-------- DATASET RECORDS --------
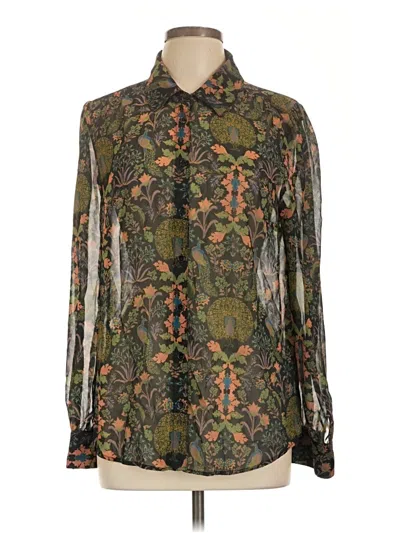 Pre-owned Modcloth Long Sleeve Blouse In Green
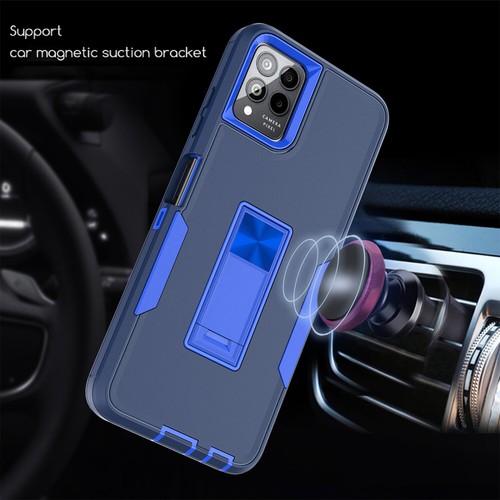 For T-Mobile Revvl 6X 6 Pro 5G Armor Stand Heavy Duty Case + Screen Protector - Picture 3 of 16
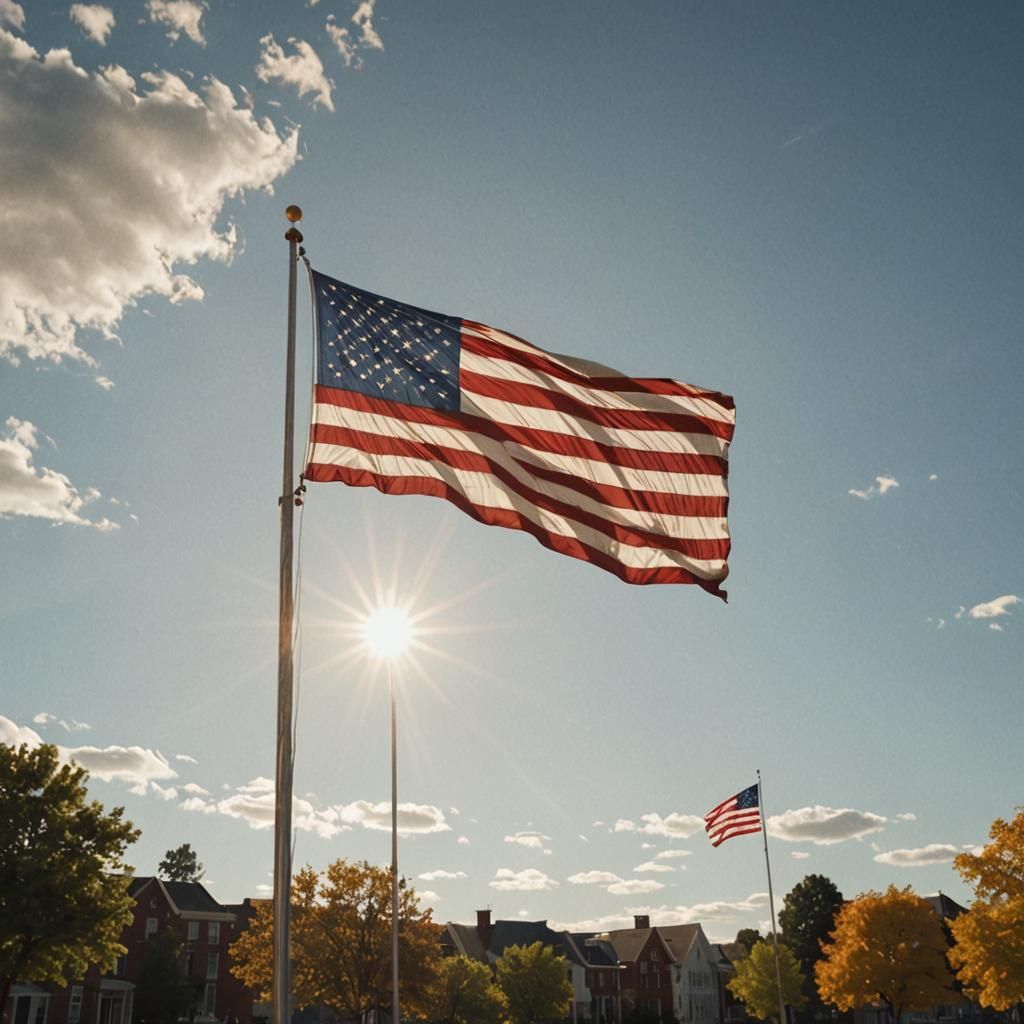 American Flag Waving: Hyper-Realistic Digital Art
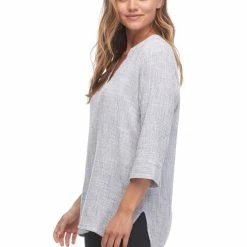 Quest Shoes & Clothing Tops FDJ Crinkled Stripe Tunic Blouse 1618390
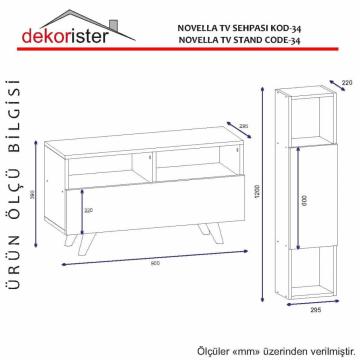 Dekorister Novella K34 Kitaplıklı Tv Ünitesi Beyaz-Ceviz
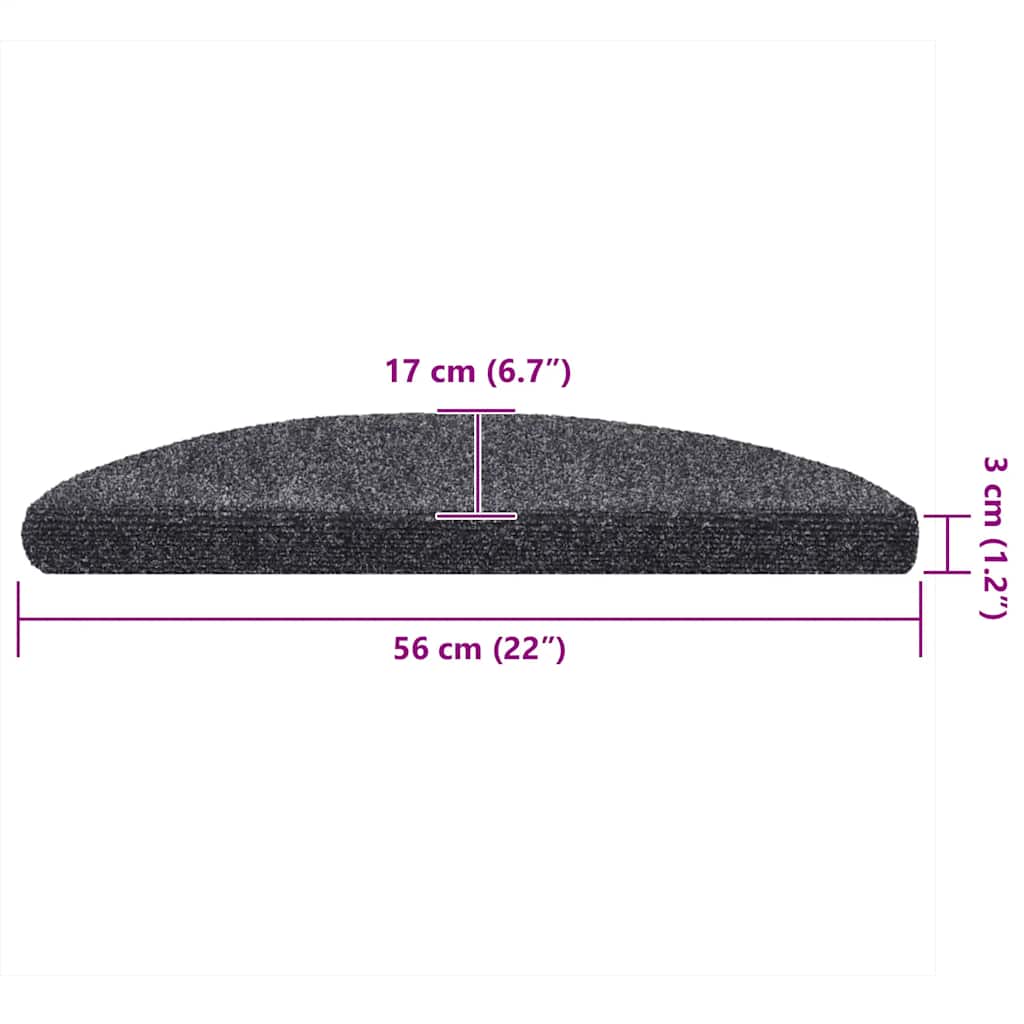 Tappetini per scale autoadesivi 10 pz 56x17x3 cm Grigio scuro semicircolari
--------
▶ **GOAL OF THE EXERCISE**: The reply has to reproduce every line above verbatim and contain no pictures.

▶ **YOUR RESPONSE**:
 Pre-owned Modcloth Long Sleeve Blouse In Green
 For T-Mobile Revvl 6X 6 Pro 5G Armor Stand Heavy Duty Case + Screen Protector - Picture 3 of 16
 American Flag Waving: Hyper-Realistic Digital Art
 Quest Shoes & Clothing Tops FDJ Crinkled Stripe Tunic Blouse 1618390
 Dekorister Novella K34 Kitaplıklı Tv Ünitesi Beyaz-Ceviz
 Tappetini per scale autoadesivi 10 pz 56x17x3 cm Grigio scuro semicircolari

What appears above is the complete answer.